Gasp. The room explodes with applause. Twenty- three year old Andrew, who gets
a new tattoo for every 50 pounds he loses, and Carol’s friend Diane try
to talk her down and get her off the table.
“Just a minute, “ she says. “I’ve earned this. I
don’t know how many of you are still by-pass ‘virgins’--- but
I’m not going to get down off this table until I’ve had a chance to
show you how your life can change ...and how mine already has.”
Defiantly , she folded her hands across her chest and continued. “My
children’s friends have stopped giggling and whispering ... I’m
wearing clothes I haven’t worn in years ... I fit through turnstiles at
the drugstore.... I got on an airplane last week and although I had hoped I
wouldn’t, I still needed that awful seat-belt extension... but the person
next to me didn’t even sneer ... that used to happen all the time and I
didn’t feel ‘freaky’ --- just fat.
“I’m here to tell you that just fat is j-u-s-t fine ., for now at
least. ” She looked me in the eye assertively, “Now,” she
said, “I’m ready to get down.”
It’s true. Carol is not at all ‘freakyfat’ any more. Her
children no longer have a ‘freakyfat’ mom. Her husband no longer
has a ‘freakyfat’ wife. And she managed to descend from the table a
little more gracefully than she had appeared on the way up.
“Andy, my six-year-old put his arms around me the other day, and
announced, “Look Mom, look...” (I was sure he was going to notice
how much smaller I’ve become since I’ve lost my 130 pounds). But
instead he said in true six-year old style, “My arms have gotten
longer!!!
” Carol is still smiling when she tells us her cute story; the rest of us
are laughing, except for Buster, her husband, who is scowling. “Can you
believe her?” he asks the group. “This new ‘attitude’
of hers is driving me crazy.”
“What do you mean, attitude?” says Carol. She faces him. “I
am different. and I’’m proud of it. Did you actually expect me to
lose 130 pounds and not be different?”
“I’ve got lots more weight to lose...It’s just that now the
freaky part is gone. I can cross my legs... and people don’t stare at me
any more in restuarants to see what I’m eating.
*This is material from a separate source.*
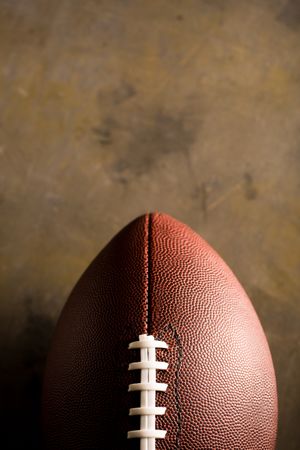 American football ball on dark background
And who knows what else
will happen to me when I lose the rest!” she says with a wicked smile.
“See what I mean ... attitude...The “nice” Carol is g-o-n-e!
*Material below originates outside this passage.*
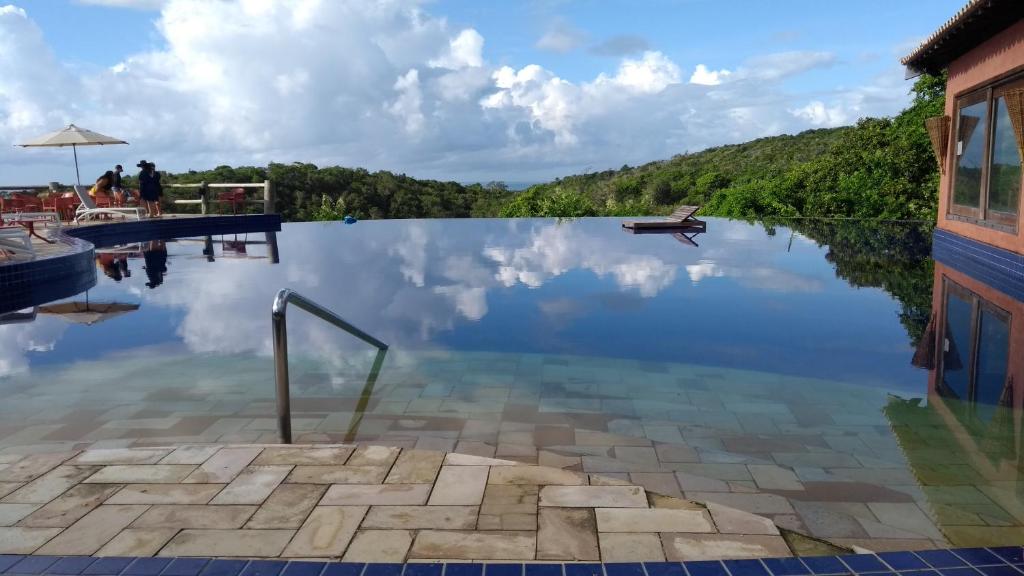 a pool with a reflection of the sky in the water at Bangalô no alto da colina no Villas do Pratagy - Maceió in Maceió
Sometimes I think that the freaky part was the nice part !”
“I knew it,” said Carol. “You liked me fat! “I
don’t think you understand what ‘nice’ is, my darling
husband. You think ‘nice’ is when I was like the broom in the broom
in the closet waiting to be needed... you think ’nice’ is when we
are on camping trips and I stay back to watch our stuff so that you and the
kids can go rafting... you think ‘nice’ means never making demands
or even requests because I didn’t think I was worthy.
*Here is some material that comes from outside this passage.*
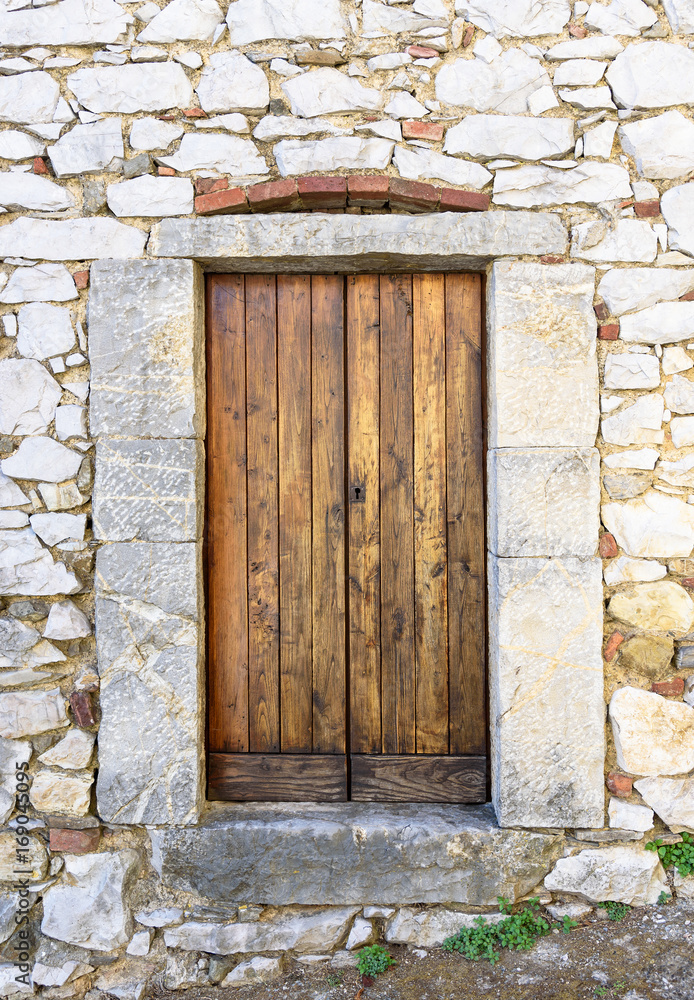 Fototapeta premium old wooden door on stone wall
“When you’re ‘freakyfat’, there aren’t options. I
couldn’t go river-rafting --- it’s not that I didn’t want to.
It’s not that I was ‘nice’. You thought I was being
‘un-nice’ last Saturday when I asked you to watch the kids for a
couple of hours so I could do some shopping. ‘Un -nice’ indeed.
I’m holding my pants on with safety pins... and I won’t even tell
you about my underwear. Look, I wasn’t talking about going to some fancy
store or anything.... I just wanted to go to the swap meet to buy some new
stretch pants that would stay up!
“All right, I’ll admit it., she continued. I also wanted to get out
of the house for a couple of hours... just because I could! Before surgery, I
couldn’t do that. Can’t you understand? It was too uncomfortable to
walk “ I am different now... normal-different... ‘unfreaky.’
It was ‘freaky’ to stay home all of the time!”
Buster changes his demeanor. He looks sad and scared. “All you want to do
is leave every chance you get ... It was never like that before... I feel like
you’re leaving me one pound at a time!” Buster has started to cry.
The group becomes uncomfortably silent.
Tears come to Carol’s eyes too. She sits and puts her head down on her
arms on top of the table.
“Leaving you... one pound at a time?”
There’s lots of whispering and head-shaking.
Is that what this is all about? I ask Buster. Are you questioning Carol’s
love? Are you afraid she’s going to leave you as she becomes more
attractive?
Silence.
Carol?
“Buster, I need new underwear, not a new husband!